Most of the other states still wanted Yugoslavia to be preserved in any form but only as a democracy. The U.S. administration did not even notice what was happening in the Yugoslav lands in spite of the warnings of its diplomats.129 President Bush visited Ukraine on 1 August 1991 and tried to discourage Ukrainians from declaring independence, warning them, “Americans will not support those who seek independence in order to replace a far-off tyranny with a local despotism. They will not aid those who promote a suicidal nationalism based upon ethnic hatred.”130 This meant that the United States did not support the secessions in Eastern Europe in general. Then the U.S.A. retreated from attempts to solve the Yugoslav crisis and left it to the EC states to solve the problem, including the question of recognition. Baker did not want to involve the U.S.A. in the Yugoslav conflict. As he wrote in his memoirs, vital U.S. interests were not at stake in Yugoslavia. It is interesting to note how he reasoned inaction of the U.S.A. in this crisis:
"Most important, unlike in the Persian Gulf, our vital national interests were not at stake.

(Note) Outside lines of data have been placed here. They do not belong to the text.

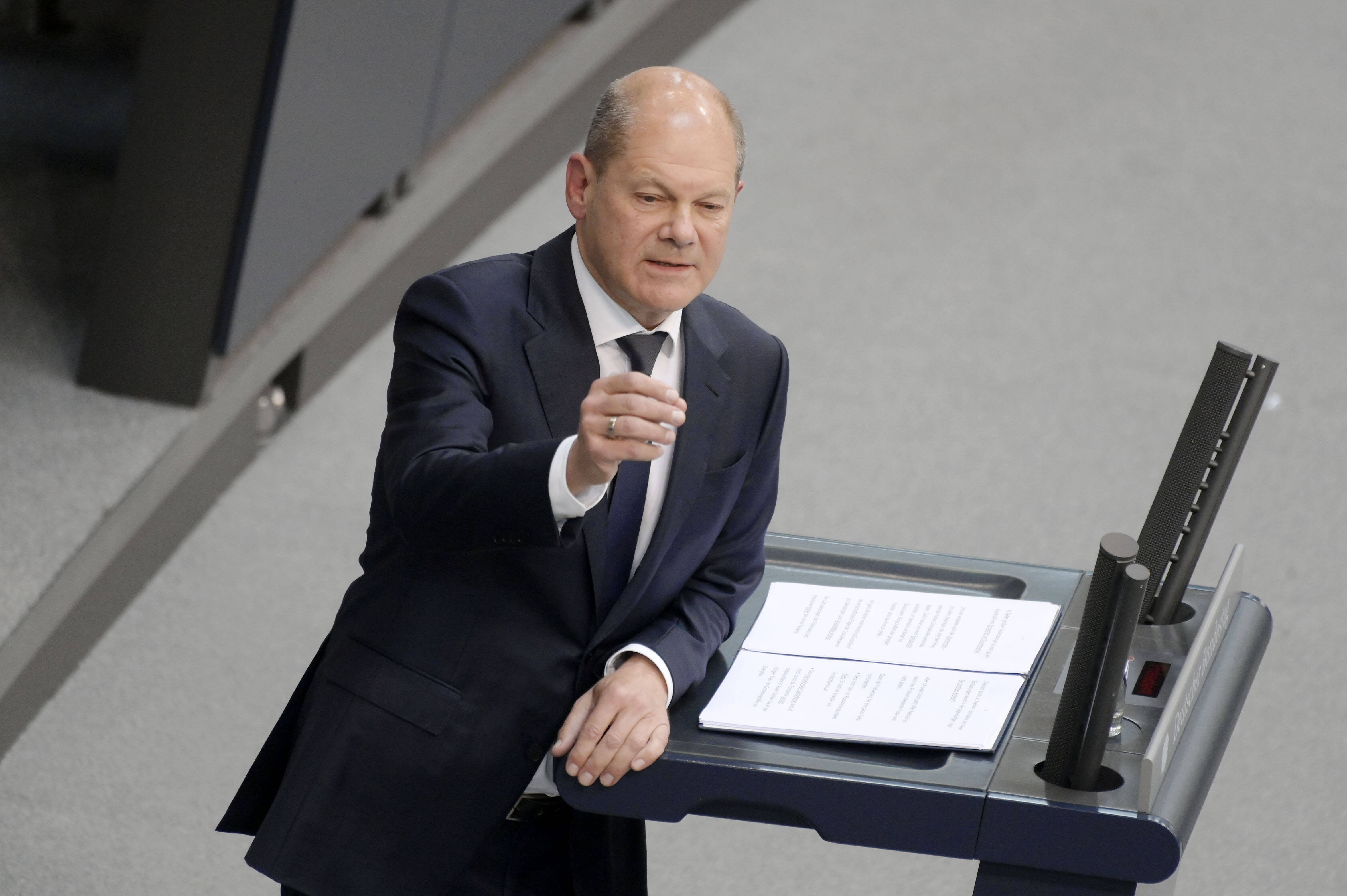 In der Offensive: Bei der Generaldebatte im Bundestag am 1. Juni 2022 nimmt sich ein kämpferischer Kanzler Scholz die Opposition von CDU und CSU vor.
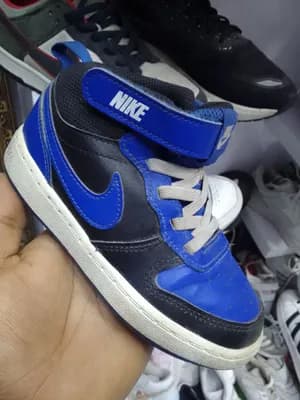 Nike Kids High-Top Sneakers Size 25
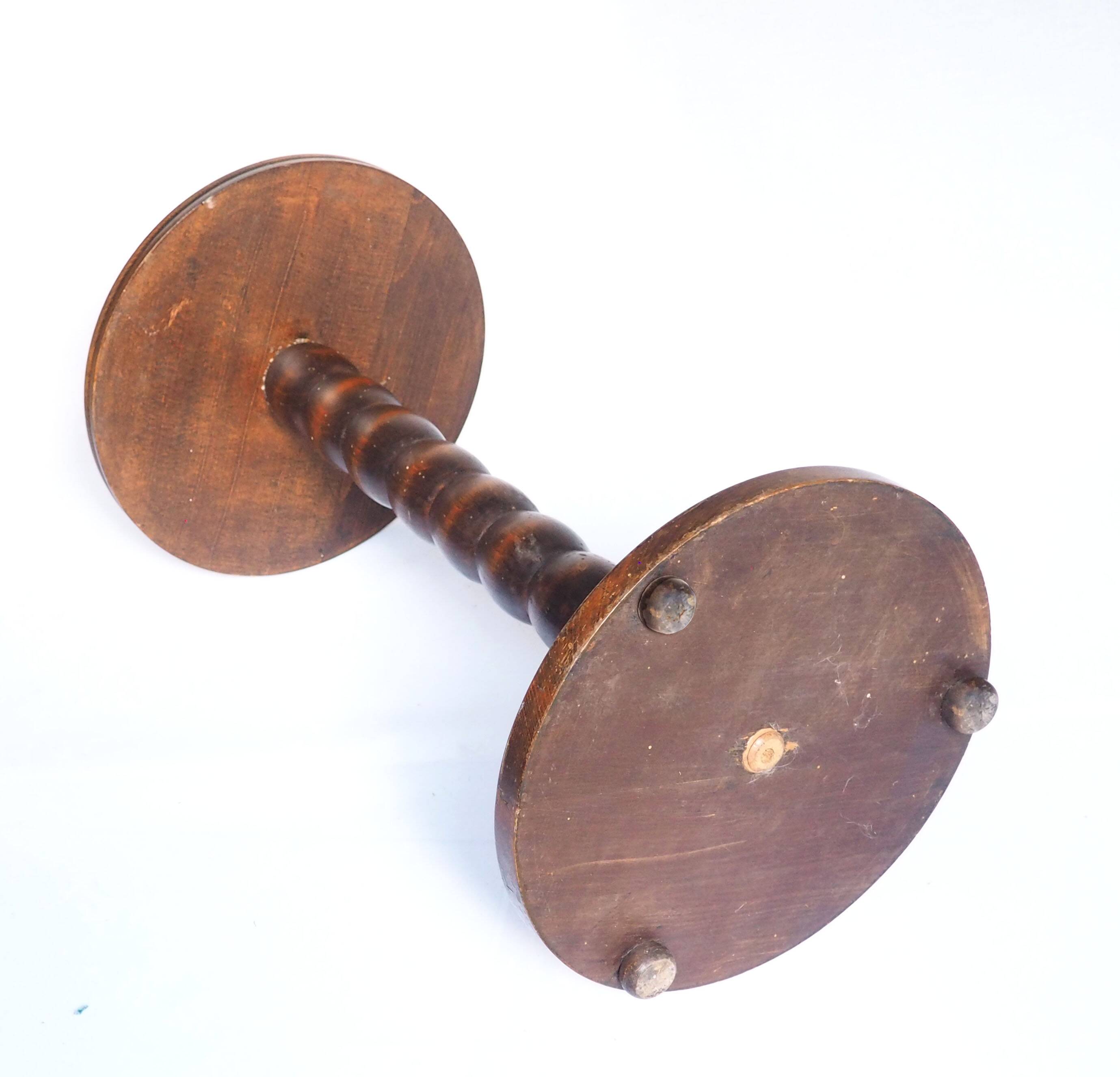 Stele, wooden beaded pedestal table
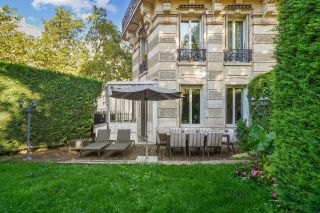 luxury apartment 4 Rooms for sale on PARIS (75016)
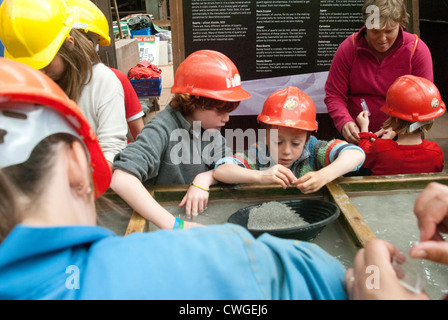 Le panoramique pour les familles de minéraux à geevor tin mine en Cornouailles , Royaume-Uni Banque D'Images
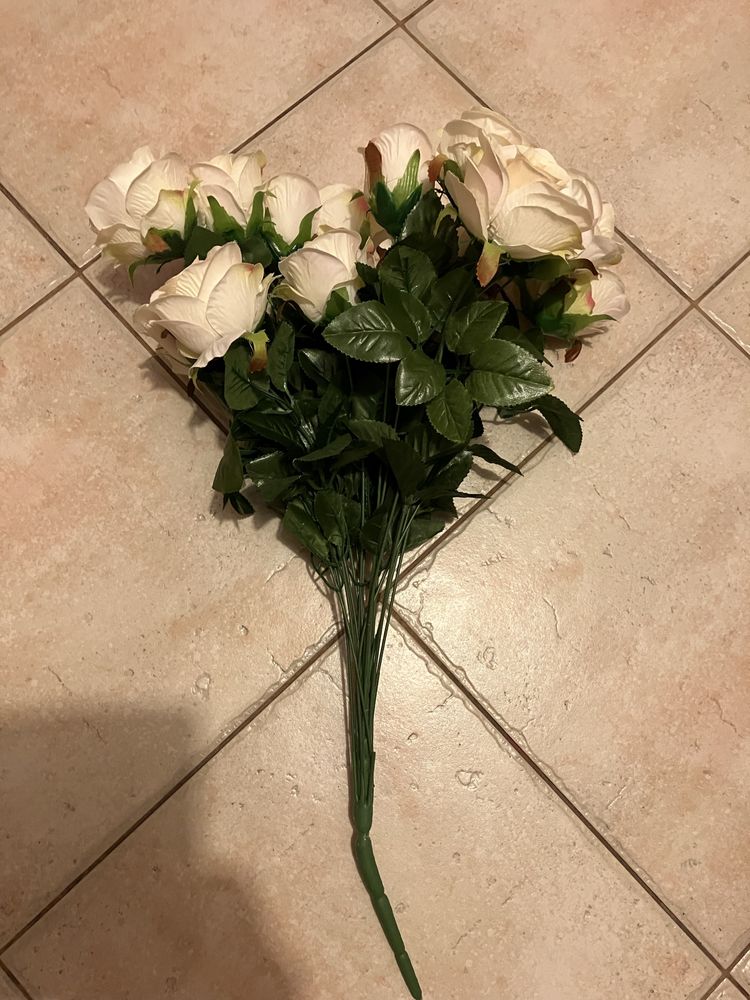 Bukiet z 18 sztucznych róż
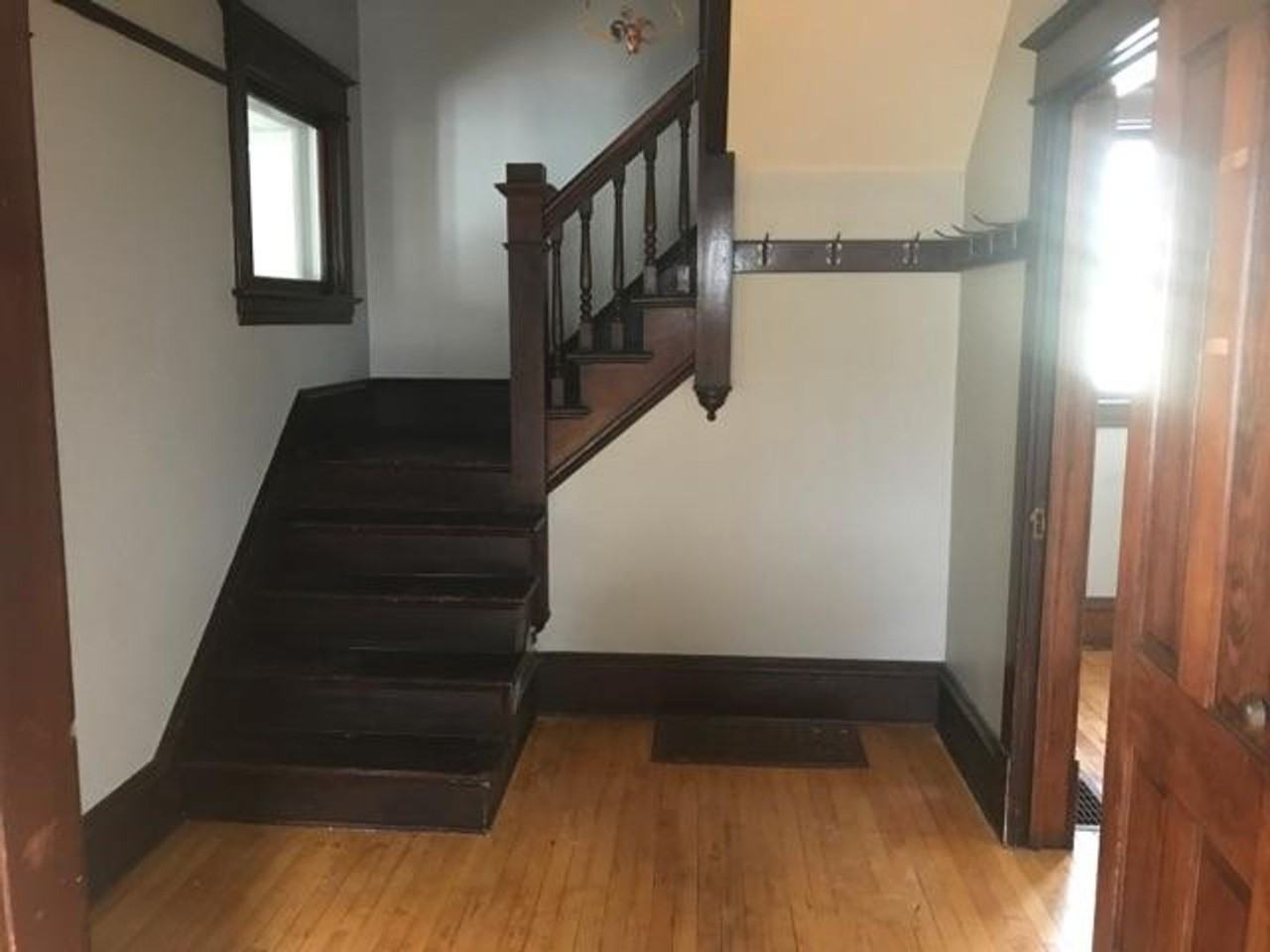 924 N Park St - Photo 3 of 16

The Yugoslav conflict had the potential to be intractable, but it was nonetheless a regional dispute. Miloševic had Saddam’s appetite, but Serbia didn’t have Iraq’s capabilities or ability to affect America’s vital interests, such as access to energy supplies. The greater threat to American interests at the time lay in the increasingly dicey situation in Moscow, and we preferred to maintain our focus on that challenge, which had global ramifications for us, particularly with regard to nuclear weapons. Moreover, in the summer of 1991, we were already consumed by the Middle East peace process and close to getting the parties to the table."131

So determined was Baker to keep the U.S.A. uninvolved that he flatly rejected a proposal from Assistant Secretary of State Thomas Niles to send an observer to the talks between the Yugoslav parties sponsored by the EC, fearing that even such a minor action might imply a possible American role.132 As Baker wrote in his memoirs:
"After all, ‘EC92’ was less than a year away, the Soviet Union was in decline, and the talk in Brussels, Paris, Bonn, Rome, and other European capitals was of an emerging European superpower. By this line of reasoning , if Europe was going to assume its place as a great power, then the Europeans, not the Americans, should take the lead in managing the Yugoslav crisis, which after all was occurring on Europe’s doorstep. The Europeans wanted the lead and welcomed the chance to deal with the problem through the EC. ”133

On 9 October 1991, when the recognition of Slovenia and Croatia as independent states was still uncertain, Otto von Habsburg emphasized in the European Parliament that Yugoslavia did not exist any more and that the legal rights belonged to the individual republics, which had freely elected parliaments. He condemned Serbia as guilty of the bloodshed, because Serbian volunteers and the JNA were involved in all the fighting in Croatia. He even condemned the Council of Foreign Ministers of the EC, saying they bore part of the responsibility. Otto von Habsburg was also convinced that the indecisive reactions of the Council of Foreign Ministers to the crisis had lasted until the beginning of 1992. After Portugal assumed the presidency of the EC on 1 January 1992, Portuguese Foreign Minister Joao de Deus Pinheiro changed the policy and more energetically condemned the Serb activities.137

In the second half of 1991, Otto von Habsburg finished most of his speeches in the European Parliament by saying: “Ceterum autem censeo Croatiam et Sloveniam esse reconoscendam” (Otherwise, I think that Croatia and Slovenia ought to be recognized).138 Otto von Habsburg did everything he could to get BiH recognized also. In April 1992 he visited Morocco and interceded on behalf of recognition of all three states with Islamic states. It is interesting to note that Moroccan King Hasan extended the time for conversation with von Habsburg, who explained the situation in former Yugoslavia to him and let Yassir Arafat wait. Von Habsburg was engaged in sharp discussion with Greek deputies to the European Parliament when they were united in opposing recognition of Macedonia as an independent state.139

The Socialist faction of the European Parliament was the largest and until September 1991 it represented one of the main opponents to the diplomatic recognition of Croatia and Slovenia. In October 1991, the press representative of the Socialist faction, Jannis Sakellarion, declared that if Croatia were to be recognized as an independent state, then also the Serbs of Croatia would have to have the right of self-determination because Serbs in some parts of Croatia represent a majority of the population. Motives for such pro-Serbian standpoints of European Socialists could be explained by their inclination towards Yugoslav selfmanagement as a “third way” between capitalism and communism. Especially German Social-Democratic leader Karsten Voigt had a special affection for the Yugoslav system of self-management. This could be explained by the tradition of special friendly relations between Tito and the leader of German Socialists Willi Brandt and German Social democrats remembered those days.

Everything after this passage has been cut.